Basically, our hero Bras has gone and had his first young man's love affair.  As the object of his adoration, he has chosen Marcela, an older woman with an eye for what she can get out of a young man with money.  He runs up many debts and for once actually elicits genuine anger from his indulgent father.  Bras is seduced by her wantonness saying, "I saw her get out of a sedan chair, graceful and eye-catching, a slim, swaying body, elegant—something I’d never found in chaste women."  

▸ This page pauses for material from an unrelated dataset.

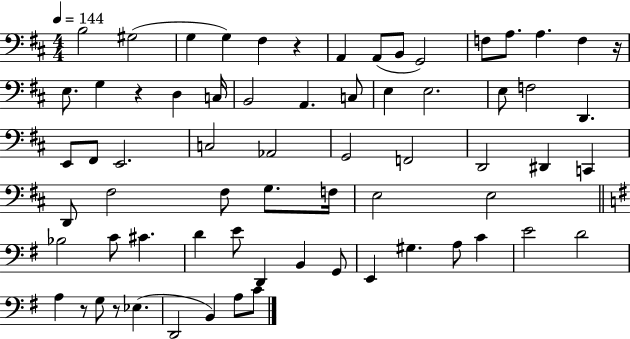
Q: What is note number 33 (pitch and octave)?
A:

He is forced to leave her for a university degree overseas.  Returning for his mother's funeral, he retreats into the country where he meets the love child of his mother's neighbor and friend.  He starts a romantic intrigue with her after promising his father that he will marry another woman, the Virgilia he speaks of during his madness.  He is baffled by her Eugenia's beauty though, as it seems to come with a price or a curse, "The worst of it was that she was lame. Such lucid eyes, such a fresh mouth, such ladylike composure—and lame! That contrast could lead one to believe that nature is sometimes a great mocker. Why pretty if lame? Why lame if pretty?"  He also judges her for her origins; "Eugênia’s first kiss came on a Sunday——the first, which no other male had taken from her, and it wasn’t stolen or snatched, but innocently offered, the way an honest debtor pays a debt. Poor Eugênia! If you only knew what ideas were drifting out of my mind on that occasion ! You, quivering with excitement, your arms on my shoulders, contemplating your welcome spouse in me, and I, my eyes on 1814, on the shrubbery, on Vilaça, and suspecting that you couldn’t lie to your blood, to your origins."  His intentions are never pure, but it's not entirely clear whether he courted her only, or seduced her in the process.  He certainly took many of her kisses.  

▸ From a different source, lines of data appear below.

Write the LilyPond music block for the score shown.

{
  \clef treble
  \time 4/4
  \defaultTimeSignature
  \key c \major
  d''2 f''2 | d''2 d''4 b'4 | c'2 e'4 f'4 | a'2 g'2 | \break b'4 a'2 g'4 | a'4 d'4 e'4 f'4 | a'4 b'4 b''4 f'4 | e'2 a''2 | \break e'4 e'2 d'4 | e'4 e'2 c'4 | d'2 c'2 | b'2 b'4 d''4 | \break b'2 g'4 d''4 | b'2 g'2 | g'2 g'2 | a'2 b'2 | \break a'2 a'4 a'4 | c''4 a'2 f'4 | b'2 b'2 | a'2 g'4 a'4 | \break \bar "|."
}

He runs away from her, back to the city, duty, his father, and his prospective bride, with whom he truly falls in love.  And fate, or metaphysics, or rotten luck brings him back to a Marcela, now scarred by small pox, transformed from a sort of courtesan into a working woman, but still with an eye for money.  He is repulsed by her.  He carries his repulsion back to Virgilia, superimposes Marcela's scars onto Virgilia's face.  Virgilia seems to sense something of this and retreats from him.  He loses her and his deputyship to a more ambitious man.  These are his reflections on it:  "Put a ball into motion, for example. It rolls, touches another ball, transmits the impulse, and there you have the second ball rolling like the first. Let us suppose that the first ball is called ... Marcela—and it’s only a supposition. The second Brás Cubas—the third Virgília. Put the case that Marcela, receiving a flick from the past, rolls until she touches Brás Cubas—who, reacting to the impelling force, begins to roll, too, until he runs up against Virgília, who had nothing to do with the first ball. And there you have now, by the simple transmission of a force, two social extremes come into contact and something is established that we can call ... the solidarity of human aversion. How is it that Aristotle left that chapter out?"

In my mind, he is getting only what he deserves.